From The Nation
Barely an hour before the opening of the second debate between Donald Trump and Hillary Clinton, Pulitzer Prize-winning author and presidential biographer David Maraniss put Trump's pre-debate shenanigans in perspective. After the Republican nominee for president held a "debate-preparation" press availability with women who had accused former President Bill Clinton of sexual impropriety, Maraniss described the stunt as "the slimiest most depressing scene in modern American electoral history."
That was an appropriate assessment of Trump's transparent attempt to deflect attention from the scandal that arose with the release of a tape of the billionaire making lewd comments about how "when you're a star" you can do anything" to women.

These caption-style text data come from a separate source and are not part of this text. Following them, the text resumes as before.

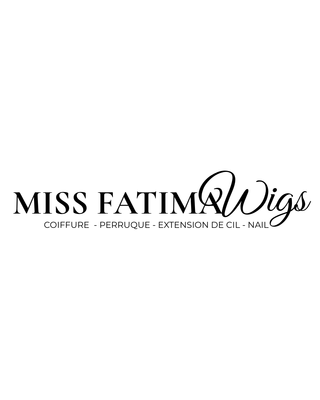 Logo de MISS FATIMA WIGS 2 (NV CHU)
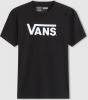 Vans T shirt met ronde hals en korte mouwen, motief vooraan online kopen
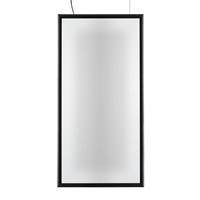 Artemide Discovery Rectangular DALI schwarz CCT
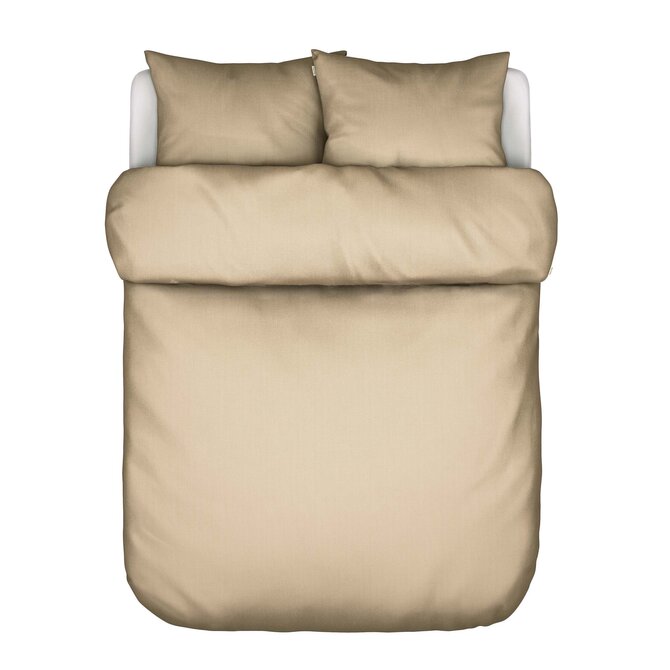 Marc O'Polo Senja Dekbedovertrek 200x200/220 Oak wood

But the author was only briefly correct about Trump creating "the slimiest most depressing scene in modern American electoral history." Once the debate got started, the Republican nominee outdid himself.
The first minutes of Sunday night's clash between Trump and Clinton produced a slimier and more depressing scene: that of a candidate for the presidency of the United States proposing to use the position to encourage a "special prosecutor" to investigate his opponent and suggesting that his election would lead to her imprisonment.
After an exchange in which Trump said that, if elected, he would "instruct my attorney general to get a special prosecutor" to investigate her handling of e-mails, Clinton pushed back and said Trump's remarks revealed why "It's just awfully good that someone with the temperament of Donald Trump is not in charge of the law in our country."
At that point Trump put aside the talk of special prosecutors and investigations and declared that the real reason Clinton did not want him in the White House was "Because you'd be in jail."
Trump, whose rallies frequently feature chants of "lock her up," smirked. His supporters in the debate hall cheered.